Суверенность имеет двоякое значение. Один ее аспект касается отношений государства со своими гражданами, другой – отношений между государствами. Аналогично, чувство национализма проявляется двояко. Внутри нации оно ведет к установлению живой симпатии между всеми ее членами; вовне оно выражается в равнодушии или недоверии к людям, находящимся вне национальной орбиты. Во внутринациональных отношениях люди руководствуются не только общими интересами, которые считаются постоянными, но также чувствами взаимной симпатии, обожания и даже готовности к самопожертвованию. В межнациональных отношениях они исходят из предполагаемого отсутствия общих интересов у различных государств и руководствуются чувствами от равнодушия до сильнейшей антипатии. Национальность, которая есть не что иное, как часть человечества, тщится строить из себя все человечество.

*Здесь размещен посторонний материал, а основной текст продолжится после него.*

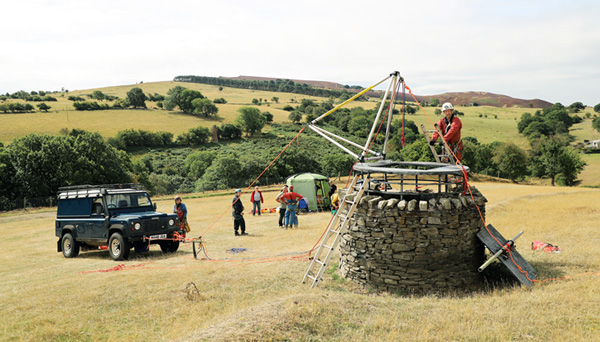 The Larkin frame rigged on the shaft top and team members descending (Picture: Bartek Biela)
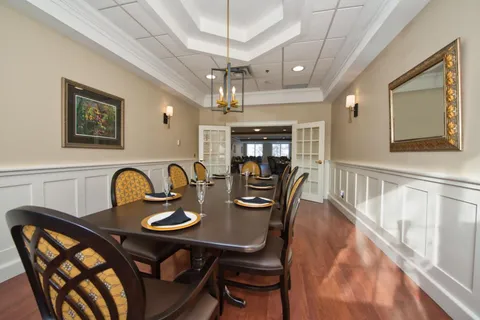 Private dining room with a long table and upholstered chairs.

Обычно до этого заключения не доходят, поскольку идеи, возникшие еще до эпохи национализма, продолжают оказывать свое влияние и сегодня. Эти идеи определяют саму сущность западной цивилизации, сформированной христианством и рационализмом Просвещения; веру в единство человечества и непреходящую ценность индивидуума.
Только фашизм, бескомпромиссный враг западной цивилизации, подтолкнул национализм к той самой черте, к тоталитарному национализму, в котором человечество и индивидуум растворяются и не остается ничего, кроме национальности – единственной и единой.
5
Каждый исторический период характеризуется определенным набором человеческих симпатий. Этот набор непостоянен, а его изменения сопровождаются великими кризисами истории (обозначая смену периода). В Средние века население Иль-де-Франс питало сильную антипатию и презрение к жителям Аквитании и Бургундии. Еще недавно похожая антипатия существовала и в Египте между последователями Мухаммеда и местными христианами-коптами. В древности афиняне ненавидели и презирали спартанцев. Почти непреодолимый барьер разделял членов конкурирующих религиозных сект внутри общества. В Китае до недавнего времени чувства симпатии ограничивались семьей и лишь малая толика лояльности и любви доставалась нации или другой большей, чем семья, социальной группе.

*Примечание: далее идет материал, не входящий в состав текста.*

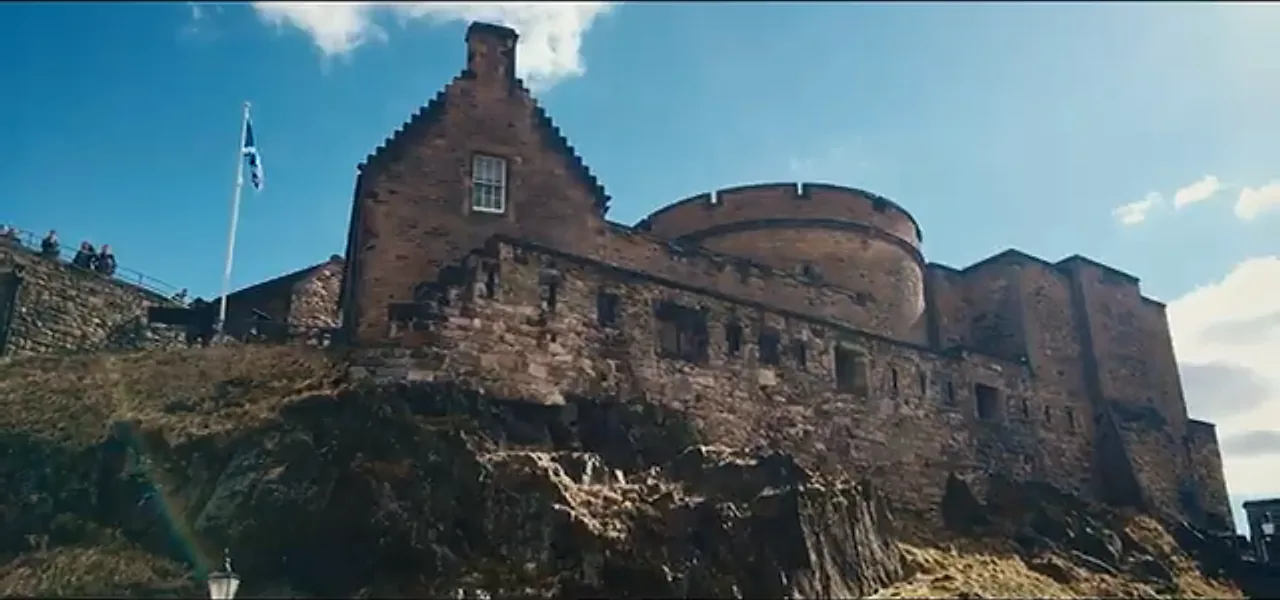 Edinburgh Castle's stone battlements perched on Castle Rock beneath a blue sky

Начиная с XIX века в западном мире и с XX века на Востоке круг симпатий стал определяться национальностью. Во многих случаях эти изменения повлекли за собой возникновение новых разделительных линий. Объединение людей в новые формы организации, их интеграция вокруг новых символов получили невероятный для прежних времен импульс. Быстрый рост населения, распространение образования, нарастающее влияние масс, современные информационные и пропагандистские технологии сообщили новому чувству национальности высокую интенсивность, которая очень быстро начала восприниматься как выражение чего-то «естественного» и извечного. Но это не означает, что сегодняшний круг симпатий не изменится в будущем. С трансформацией социальной и экономической жизни, с ростом взаимозависимости всех национальностей на земле, которая становится все «теснее», с изменением направленности образования этот круг может расшириться настолько, что включит в себя сверхнациональные общие интересы и взаимную симпатию.

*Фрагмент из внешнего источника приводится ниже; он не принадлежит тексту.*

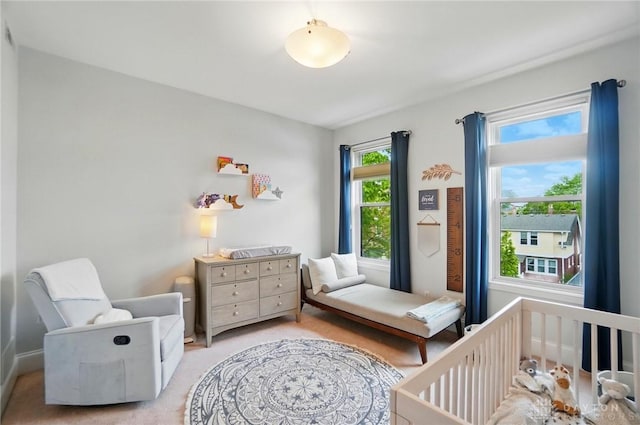 2731 Cleinview Ave Unit 2, Cincinnati, OH 45206 - bedroom featuring a crib and light colored carpet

Такое распространение солидарности, если оно вообще возможно, произойдет только в результате беспрецедентной борьбы, поскольку национализм выражает «законные интересы», не только политические и экономические, но также интеллектуальные и эмоциональные, с такой напряженностью, какой не наблюдалось ни у одной предыдущей идеи. Перед всемогуществом национальности единое человечество кажется далекой идеей, бледной теорией, поэтической мечтой, в которой не пульсирует красная кровь жизни. Так оно и есть. Но ведь когда-то идея французской или немецкой нации была также не более чем абстрактной идеей. После долгого периода великих сражений и потрясений исторические силы оживили эту идею. Единое человечество было утопией XVIII века; уровень развития государства и экономики, технологии и коммуникаций не соответствовал тогда этой задаче. Сегодня все изменилось. В настоящее время национализм – изначально вдохновляющая идея, которая расширяла и углубляла понимание человеческой натуры, чувства солидарности, независимости и достоинства масс – кажется неспособным справиться, политически и эмоционально, с новой ситуацией. Когда-то он был великой силой жизни, стимулирующей эволюцию человечества; сегодня он может превратиться в мертвый груз на шагающем вперед человечестве.
Ни немецкая, ни французская нации не являются организмами более «природными», чем американская нация. Все они, так же как и национальное сознание, оживляющее их, были сформированы историческими силами[33]. В своем развитии и немецкое национальное сознание, и немецкое национальное государство преодолевали неисчислимые трудности и снова и снова подвергались угрозе крушения на рифах политических интересов, инерции древних и чтимых традиций и укоренившегося местничества и провинциализма. Пионеры национализма зачастую переставали верить в возможности достижения своей цели. Но национализм, наполняя сердца людей великой надеждой на новую свободу и лучшие, более гуманные отношения между людьми, победил. Сегодня ситуация изменилась. «Политический национализм в современных условиях противоречит основным тенденциям человеческого развития от изоляции к взаимозависимости. Его цель – не служение и взаимодействие, но исключительность и монополия»[34]. Индивидуальная свобода человека должна в наши дни основываться на вненациональной основе. Демократия и индустриализм, две силы, возникшие одновременно с национализмом и распространившиеся с ним по всему миру, уже переросли к сегодняшнему дню национальное сознание.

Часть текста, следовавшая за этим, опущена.